No silêncio das nossas igrejas

O teto da Mesquita de Roma [© Paolo Portoghesi]
Arquivo 30Dias - nov/2011

No silêncio das nossas igrejas

“As igrejas são domus Dei. Sempre considerei fundamental que numa grande cidade haja a possibilidade de abrir uma porta e ver aquela luzinha acesa que indica a presença do Senhor na Eucaristia”. Entrevista com Paolo Portoghesi, por ocasião de seu octogésimo aniversário.

Entrevista com Paolo Portoghesi por Paolo Mattei

“Talvez tenha sido justamente o fato de ter nascido e vivido em Roma que amadureceu em mim a convicção de que na arquitetura, e não apenas nesse ramo, a tradição é uma condição vital, e de que pode haver continuidade na mudança. Roma mudou radicalmente muitas vezes, mas manteve essa sua profunda unidade e continuidade.
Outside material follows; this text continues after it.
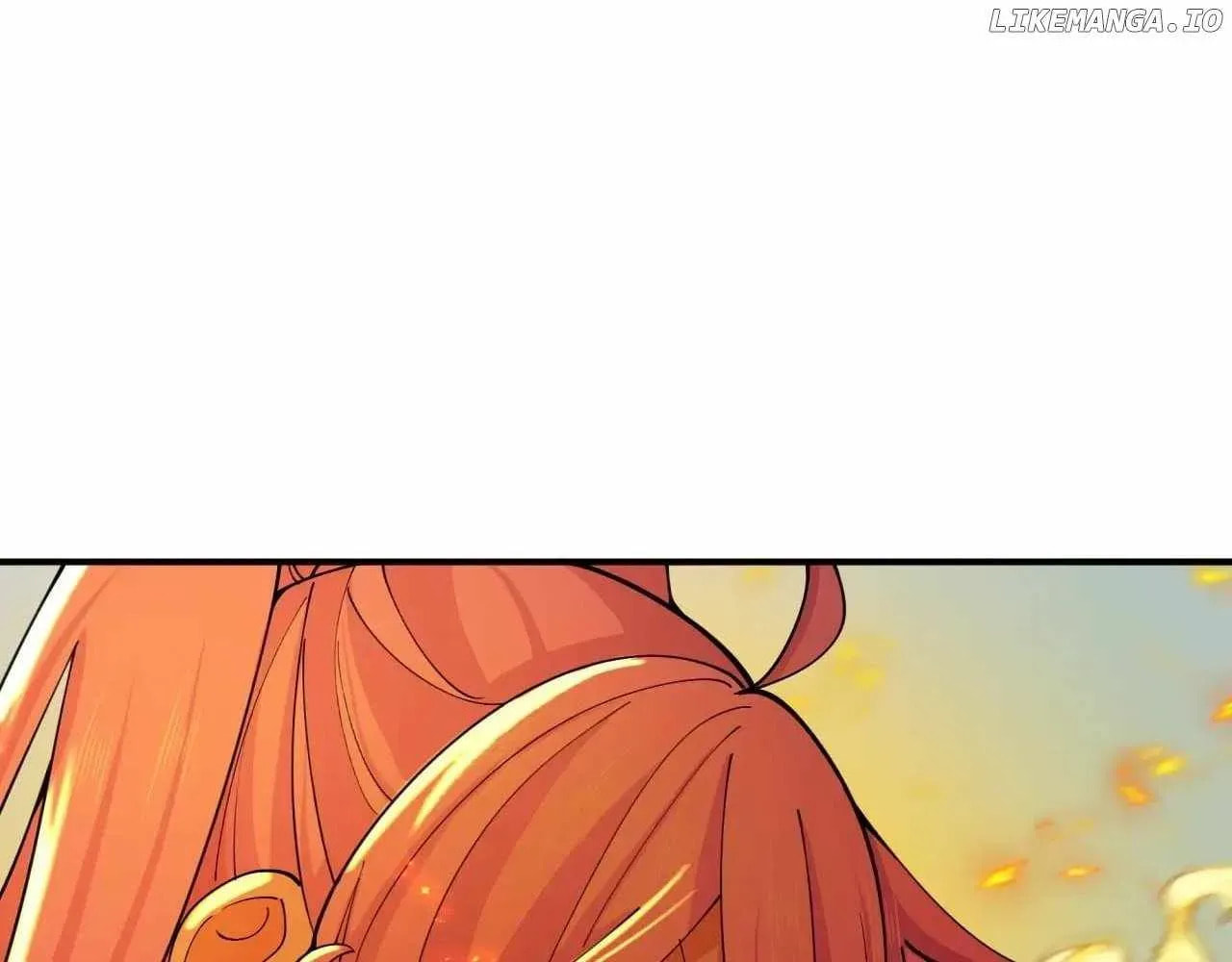 Age of Terror Chapter 115.7 page 78 -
Minhas ideias são sem dúvida influenciadas pela experiência da cidade”.

Paolo Portoghesi começa daqui, de Roma, para dar conta de sua posição histórica no debate sobre a cultura arquitetônica, que, a partir da década de 1960, teve nele, como representante máximo da corrente pós-modernista italiana, um adversário das posturas mais extremistas de uma parte do racionalismo, segundo as quais seria preciso romper radicalmente com o passado e com a tradição em favor de um funcionalismo exasperado e abstrato. Segundo o arquiteto romano, entre o antigo e o novo, entre a tradição e a modernidade, não existe contraposição dialética, mas convergência e continuidade.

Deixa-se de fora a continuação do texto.